Collection entries:
-- -- --

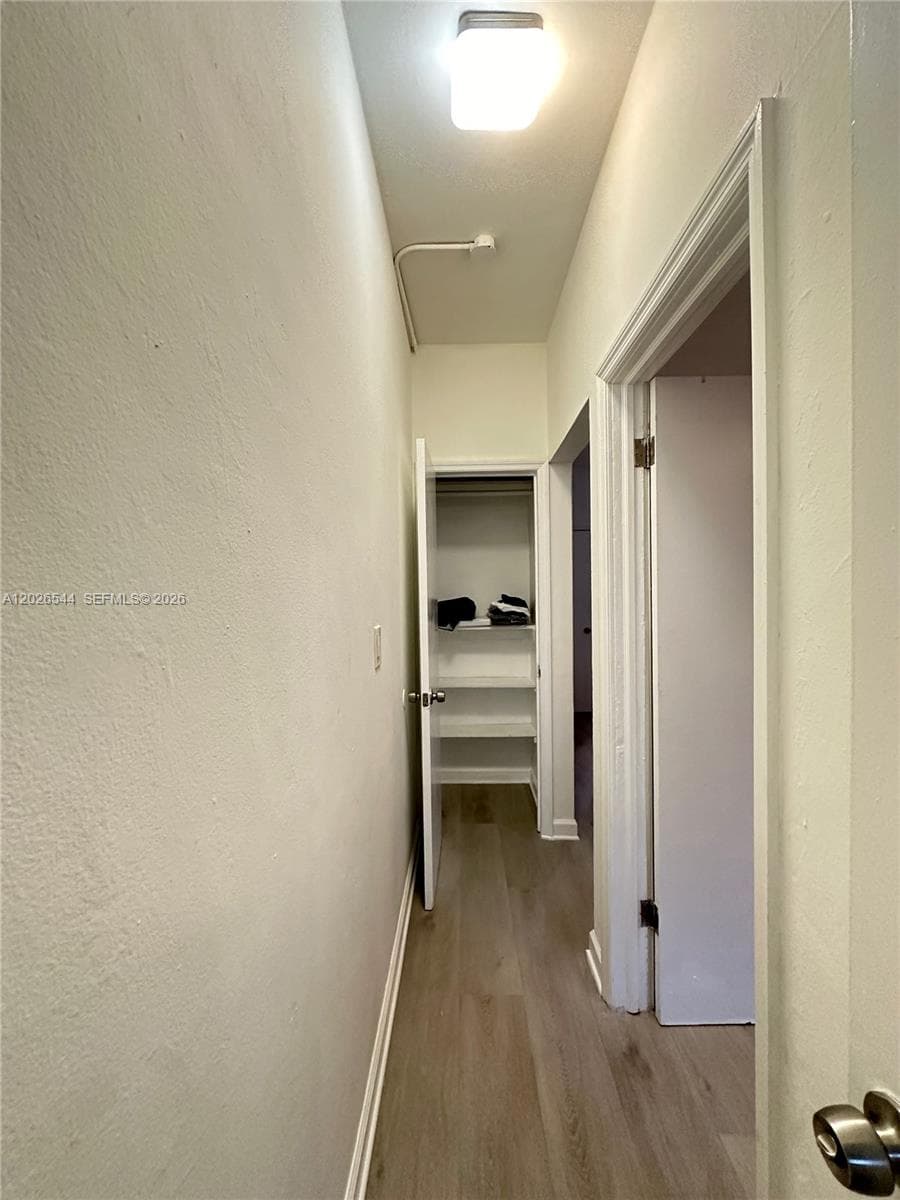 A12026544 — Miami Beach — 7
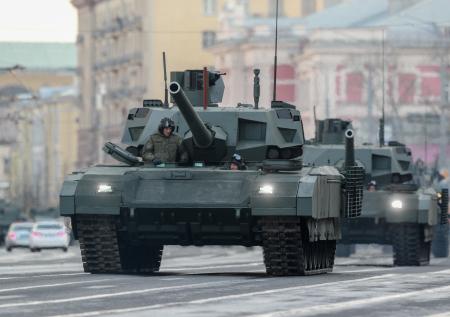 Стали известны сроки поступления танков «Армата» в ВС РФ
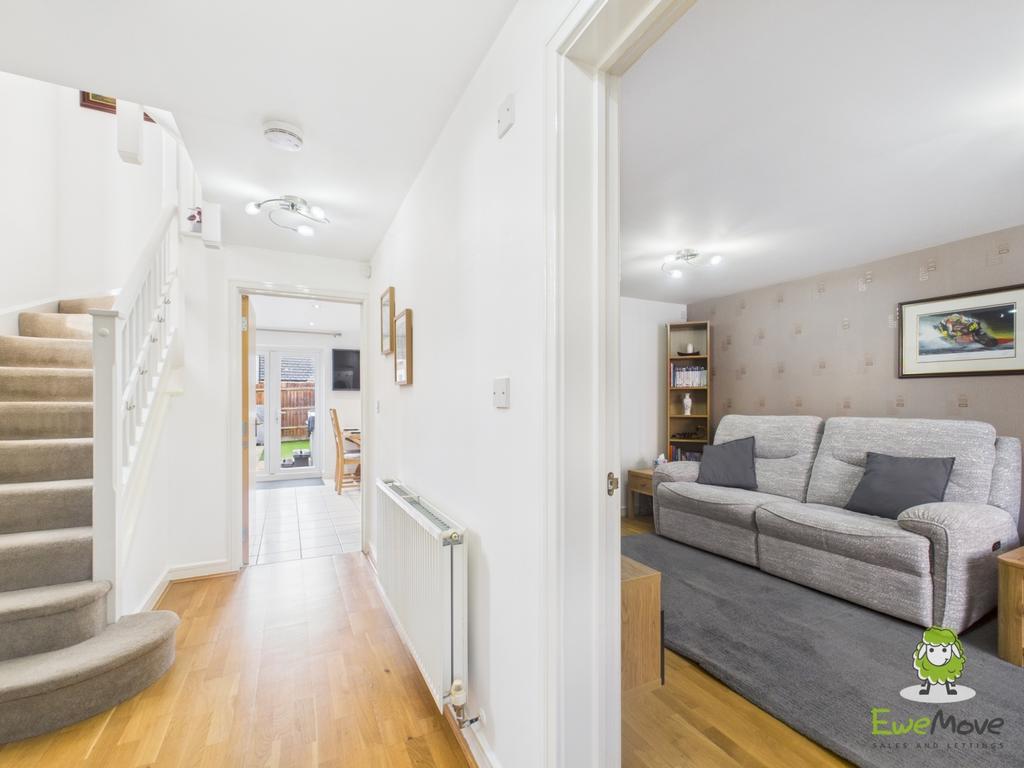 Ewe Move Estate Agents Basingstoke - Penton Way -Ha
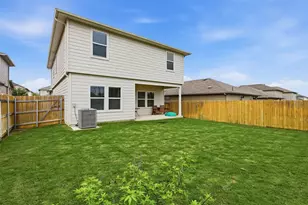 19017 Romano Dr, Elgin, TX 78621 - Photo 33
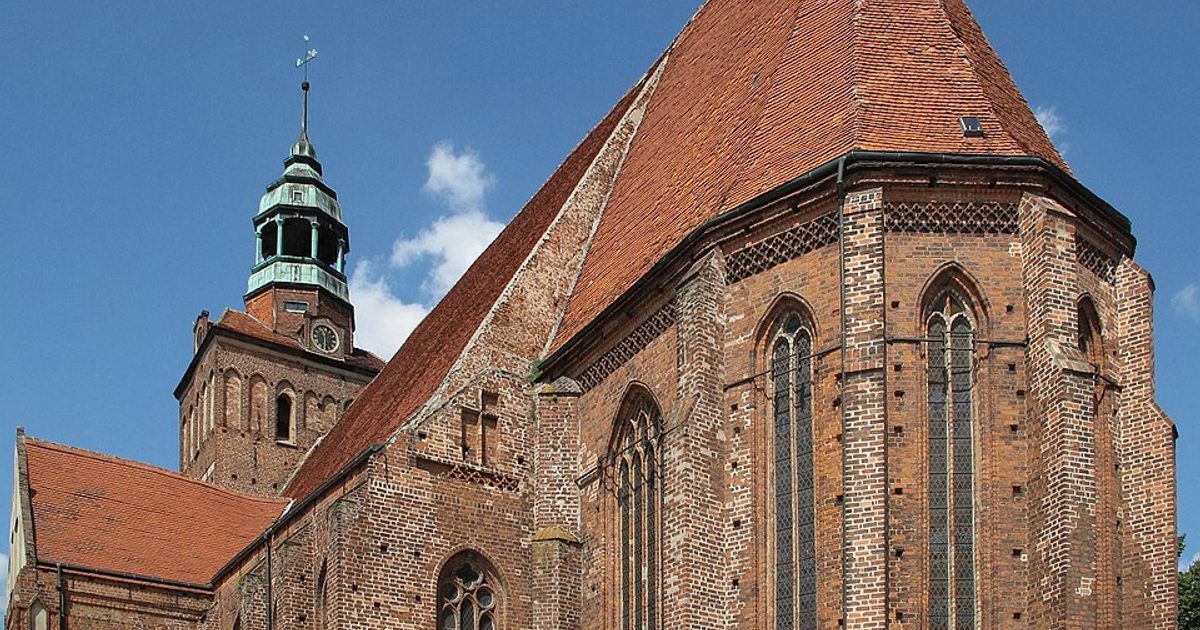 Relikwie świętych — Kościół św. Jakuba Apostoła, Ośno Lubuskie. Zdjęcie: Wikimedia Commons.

-- -- --

What is needed: Restate all of the data word for word and include no pictures.

Answer to this problem:
 A12026544 — Miami Beach — 7
 Стали известны сроки поступления танков «Армата» в ВС РФ
 Ewe Move Estate Agents Basingstoke - Penton Way -Ha
 19017 Romano Dr, Elgin, TX 78621 - Photo 33
 Relikwie świętych — Kościół św. Jakuba Apostoła, Ośno Lubuskie. Zdjęcie: Wikimedia Commons.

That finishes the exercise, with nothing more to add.